## Data records
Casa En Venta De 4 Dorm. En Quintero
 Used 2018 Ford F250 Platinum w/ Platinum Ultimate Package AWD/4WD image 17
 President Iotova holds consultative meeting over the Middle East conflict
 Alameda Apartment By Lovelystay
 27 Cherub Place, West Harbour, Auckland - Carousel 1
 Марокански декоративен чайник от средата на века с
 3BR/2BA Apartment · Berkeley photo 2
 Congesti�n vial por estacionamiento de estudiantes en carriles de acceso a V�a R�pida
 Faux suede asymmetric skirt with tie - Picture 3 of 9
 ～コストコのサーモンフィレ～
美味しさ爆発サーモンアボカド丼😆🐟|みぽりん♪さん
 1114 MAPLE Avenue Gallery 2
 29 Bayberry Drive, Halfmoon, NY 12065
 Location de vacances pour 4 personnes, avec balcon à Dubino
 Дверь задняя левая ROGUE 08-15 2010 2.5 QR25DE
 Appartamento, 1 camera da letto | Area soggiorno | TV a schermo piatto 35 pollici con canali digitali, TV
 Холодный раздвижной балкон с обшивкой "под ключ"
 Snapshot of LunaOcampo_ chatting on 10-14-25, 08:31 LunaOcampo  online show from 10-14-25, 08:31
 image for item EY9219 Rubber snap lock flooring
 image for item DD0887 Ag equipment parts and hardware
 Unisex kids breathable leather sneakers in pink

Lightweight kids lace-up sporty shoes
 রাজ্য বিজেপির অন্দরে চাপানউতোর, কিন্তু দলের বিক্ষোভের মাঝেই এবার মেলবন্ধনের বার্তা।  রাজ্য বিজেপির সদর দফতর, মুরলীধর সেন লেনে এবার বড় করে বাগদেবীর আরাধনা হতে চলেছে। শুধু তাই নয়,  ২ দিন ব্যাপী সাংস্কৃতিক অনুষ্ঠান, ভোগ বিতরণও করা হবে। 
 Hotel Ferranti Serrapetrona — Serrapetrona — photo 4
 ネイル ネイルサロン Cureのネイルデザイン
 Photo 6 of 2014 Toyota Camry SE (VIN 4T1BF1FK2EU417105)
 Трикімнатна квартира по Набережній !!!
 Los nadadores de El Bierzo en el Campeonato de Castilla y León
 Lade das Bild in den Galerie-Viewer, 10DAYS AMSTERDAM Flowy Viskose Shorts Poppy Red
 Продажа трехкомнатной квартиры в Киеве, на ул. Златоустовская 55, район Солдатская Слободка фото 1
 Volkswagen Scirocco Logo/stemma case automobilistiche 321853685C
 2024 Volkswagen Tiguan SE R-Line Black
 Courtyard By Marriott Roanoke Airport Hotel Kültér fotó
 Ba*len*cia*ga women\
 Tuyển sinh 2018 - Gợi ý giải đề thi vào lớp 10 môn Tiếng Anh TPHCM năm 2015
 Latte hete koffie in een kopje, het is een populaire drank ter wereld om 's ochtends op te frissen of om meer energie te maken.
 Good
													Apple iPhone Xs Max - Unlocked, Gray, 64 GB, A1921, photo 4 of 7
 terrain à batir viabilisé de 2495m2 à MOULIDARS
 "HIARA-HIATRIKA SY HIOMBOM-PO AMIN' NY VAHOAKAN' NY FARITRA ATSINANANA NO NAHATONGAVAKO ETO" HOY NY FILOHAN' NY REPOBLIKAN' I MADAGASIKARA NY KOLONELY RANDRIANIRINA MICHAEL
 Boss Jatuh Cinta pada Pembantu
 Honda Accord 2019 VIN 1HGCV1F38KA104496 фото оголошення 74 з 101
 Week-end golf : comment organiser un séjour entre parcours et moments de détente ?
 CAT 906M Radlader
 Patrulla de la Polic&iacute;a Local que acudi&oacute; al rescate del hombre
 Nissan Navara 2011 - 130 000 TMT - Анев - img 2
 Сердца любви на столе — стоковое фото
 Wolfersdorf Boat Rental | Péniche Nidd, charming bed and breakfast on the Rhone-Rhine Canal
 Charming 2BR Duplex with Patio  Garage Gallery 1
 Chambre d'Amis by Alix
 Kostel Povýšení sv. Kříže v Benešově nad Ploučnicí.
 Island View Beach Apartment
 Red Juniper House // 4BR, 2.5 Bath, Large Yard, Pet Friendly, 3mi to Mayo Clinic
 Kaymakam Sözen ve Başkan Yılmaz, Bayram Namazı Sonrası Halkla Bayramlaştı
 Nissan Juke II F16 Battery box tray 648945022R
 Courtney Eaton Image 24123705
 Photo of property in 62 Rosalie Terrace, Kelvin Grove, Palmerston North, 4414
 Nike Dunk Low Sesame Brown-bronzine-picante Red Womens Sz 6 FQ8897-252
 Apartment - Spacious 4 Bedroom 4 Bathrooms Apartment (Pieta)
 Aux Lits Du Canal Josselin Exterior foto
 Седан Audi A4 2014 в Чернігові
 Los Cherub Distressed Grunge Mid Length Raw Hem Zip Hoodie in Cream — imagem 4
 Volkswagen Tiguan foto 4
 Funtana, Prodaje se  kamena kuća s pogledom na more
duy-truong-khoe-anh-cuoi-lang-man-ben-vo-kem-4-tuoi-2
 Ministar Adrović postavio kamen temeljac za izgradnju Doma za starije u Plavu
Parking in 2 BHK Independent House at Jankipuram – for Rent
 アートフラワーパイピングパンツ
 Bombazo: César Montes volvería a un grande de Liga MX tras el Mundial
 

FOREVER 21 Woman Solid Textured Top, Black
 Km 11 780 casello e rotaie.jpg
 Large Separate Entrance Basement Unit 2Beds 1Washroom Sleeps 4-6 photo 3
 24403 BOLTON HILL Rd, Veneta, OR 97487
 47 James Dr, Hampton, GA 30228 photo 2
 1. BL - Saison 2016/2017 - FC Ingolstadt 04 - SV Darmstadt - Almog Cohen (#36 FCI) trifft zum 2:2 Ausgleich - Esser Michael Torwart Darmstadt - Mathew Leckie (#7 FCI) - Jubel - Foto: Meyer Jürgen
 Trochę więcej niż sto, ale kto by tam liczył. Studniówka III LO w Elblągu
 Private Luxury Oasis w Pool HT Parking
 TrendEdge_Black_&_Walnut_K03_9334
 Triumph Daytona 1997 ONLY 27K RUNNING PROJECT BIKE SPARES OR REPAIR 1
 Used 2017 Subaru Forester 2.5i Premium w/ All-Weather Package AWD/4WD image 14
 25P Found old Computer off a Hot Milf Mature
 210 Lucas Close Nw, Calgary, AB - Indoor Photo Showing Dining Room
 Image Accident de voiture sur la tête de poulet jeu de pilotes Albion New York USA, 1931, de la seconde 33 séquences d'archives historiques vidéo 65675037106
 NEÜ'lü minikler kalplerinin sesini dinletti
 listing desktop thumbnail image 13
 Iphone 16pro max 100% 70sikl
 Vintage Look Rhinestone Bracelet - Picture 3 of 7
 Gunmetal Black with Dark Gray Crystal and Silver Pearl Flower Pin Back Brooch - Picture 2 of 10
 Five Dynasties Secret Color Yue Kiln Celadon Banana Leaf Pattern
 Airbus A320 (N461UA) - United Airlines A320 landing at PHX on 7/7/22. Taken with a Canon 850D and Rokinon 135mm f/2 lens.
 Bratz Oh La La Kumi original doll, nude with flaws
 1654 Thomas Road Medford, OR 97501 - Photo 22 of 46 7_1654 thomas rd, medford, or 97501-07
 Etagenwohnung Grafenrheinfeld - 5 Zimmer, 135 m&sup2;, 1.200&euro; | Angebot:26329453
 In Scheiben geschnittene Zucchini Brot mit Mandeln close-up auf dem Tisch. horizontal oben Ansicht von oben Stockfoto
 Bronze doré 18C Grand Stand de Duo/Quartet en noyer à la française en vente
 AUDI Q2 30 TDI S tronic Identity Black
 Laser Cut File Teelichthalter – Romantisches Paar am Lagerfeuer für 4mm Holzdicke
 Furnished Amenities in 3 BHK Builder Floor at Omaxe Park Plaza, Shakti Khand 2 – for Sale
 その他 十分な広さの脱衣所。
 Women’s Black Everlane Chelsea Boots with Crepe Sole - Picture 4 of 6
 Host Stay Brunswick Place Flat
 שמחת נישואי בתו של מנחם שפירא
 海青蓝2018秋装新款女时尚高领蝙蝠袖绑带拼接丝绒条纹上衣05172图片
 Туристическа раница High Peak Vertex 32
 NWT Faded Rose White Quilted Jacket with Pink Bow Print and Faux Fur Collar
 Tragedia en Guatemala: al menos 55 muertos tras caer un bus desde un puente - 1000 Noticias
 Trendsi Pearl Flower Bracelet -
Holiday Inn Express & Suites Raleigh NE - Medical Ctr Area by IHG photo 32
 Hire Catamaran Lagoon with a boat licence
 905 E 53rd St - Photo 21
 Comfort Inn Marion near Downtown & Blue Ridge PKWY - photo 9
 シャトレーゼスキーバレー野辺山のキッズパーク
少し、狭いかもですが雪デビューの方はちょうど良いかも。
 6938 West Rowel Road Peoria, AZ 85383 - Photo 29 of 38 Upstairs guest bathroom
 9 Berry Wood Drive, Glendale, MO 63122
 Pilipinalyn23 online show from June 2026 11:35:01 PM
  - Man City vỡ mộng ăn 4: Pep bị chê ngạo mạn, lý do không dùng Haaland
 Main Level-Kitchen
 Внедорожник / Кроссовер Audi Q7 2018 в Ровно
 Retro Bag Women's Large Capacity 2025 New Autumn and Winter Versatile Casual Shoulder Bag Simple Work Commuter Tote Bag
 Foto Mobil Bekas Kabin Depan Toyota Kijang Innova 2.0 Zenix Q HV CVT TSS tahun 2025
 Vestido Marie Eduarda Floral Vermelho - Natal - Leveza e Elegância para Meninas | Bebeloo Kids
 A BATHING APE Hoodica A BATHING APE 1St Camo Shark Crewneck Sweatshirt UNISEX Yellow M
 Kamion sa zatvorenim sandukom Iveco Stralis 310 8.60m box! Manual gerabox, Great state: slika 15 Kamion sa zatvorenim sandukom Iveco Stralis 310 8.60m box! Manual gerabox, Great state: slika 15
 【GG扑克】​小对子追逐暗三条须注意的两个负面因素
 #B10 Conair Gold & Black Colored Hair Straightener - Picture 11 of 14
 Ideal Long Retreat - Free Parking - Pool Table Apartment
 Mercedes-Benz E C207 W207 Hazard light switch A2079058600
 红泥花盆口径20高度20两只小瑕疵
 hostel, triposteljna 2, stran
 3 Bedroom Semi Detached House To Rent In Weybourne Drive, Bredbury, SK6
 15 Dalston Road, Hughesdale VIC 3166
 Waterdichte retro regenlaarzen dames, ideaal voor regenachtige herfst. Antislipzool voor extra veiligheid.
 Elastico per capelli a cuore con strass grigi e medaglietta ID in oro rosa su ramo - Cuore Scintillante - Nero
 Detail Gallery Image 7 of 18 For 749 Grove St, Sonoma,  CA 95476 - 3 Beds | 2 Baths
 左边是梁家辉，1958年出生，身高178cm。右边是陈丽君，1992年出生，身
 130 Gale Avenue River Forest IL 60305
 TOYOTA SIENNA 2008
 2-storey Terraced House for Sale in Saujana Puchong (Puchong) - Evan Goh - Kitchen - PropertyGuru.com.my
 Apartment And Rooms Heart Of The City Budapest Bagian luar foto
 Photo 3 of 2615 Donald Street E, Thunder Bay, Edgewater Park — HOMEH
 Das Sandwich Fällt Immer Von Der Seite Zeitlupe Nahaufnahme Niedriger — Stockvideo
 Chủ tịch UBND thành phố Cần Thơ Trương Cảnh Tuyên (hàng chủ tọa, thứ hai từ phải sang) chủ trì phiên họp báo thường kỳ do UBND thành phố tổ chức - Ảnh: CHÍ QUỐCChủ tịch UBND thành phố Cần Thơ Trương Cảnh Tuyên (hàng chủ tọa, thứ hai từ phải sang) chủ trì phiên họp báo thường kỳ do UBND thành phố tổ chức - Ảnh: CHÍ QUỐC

## Exercise aim
In the listing above, how many lines hold the word "Area"? Please state the number alone.

## Reply
2